- **Task requirements**:
Below are records with pictures. Reproduce exactly the lines from the line with "Friends wearing masks" to the line with "The Kaya Movement", inclusive, and leave each picture out.

- **Material shown**:
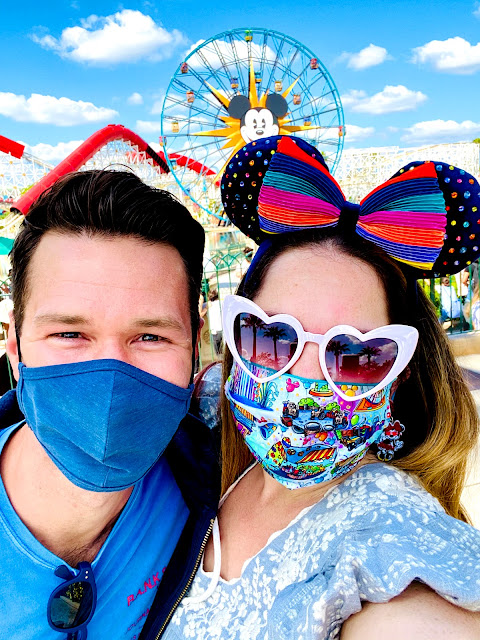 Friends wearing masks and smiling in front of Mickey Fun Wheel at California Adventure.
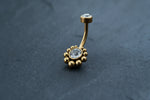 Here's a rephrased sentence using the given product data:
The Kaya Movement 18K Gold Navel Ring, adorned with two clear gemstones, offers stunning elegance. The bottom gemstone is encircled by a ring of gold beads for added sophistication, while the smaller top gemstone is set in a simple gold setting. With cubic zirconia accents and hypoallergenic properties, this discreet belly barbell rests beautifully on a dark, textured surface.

* * *

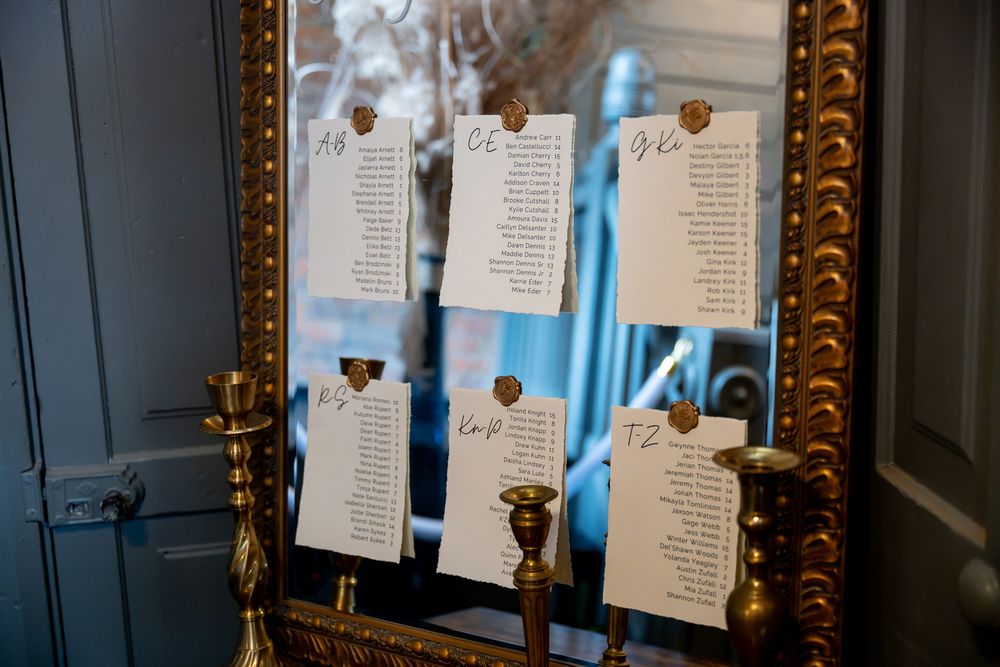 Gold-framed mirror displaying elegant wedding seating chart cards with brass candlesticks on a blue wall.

- **Exercise solution**:
 Friends wearing masks and smiling in front of Mickey Fun Wheel at California Adventure.
 Here's a rephrased sentence using the given product data:
The Kaya Movement 18K Gold Navel Ring, adorned with two clear gemstones, offers stunning elegance. The bottom gemstone is encircled by a ring of gold beads for added sophistication, while the smaller top gemstone is set in a simple gold setting. With cubic zirconia accents and hypoallergenic properties, this discreet belly barbell rests beautifully on a dark, textured surface.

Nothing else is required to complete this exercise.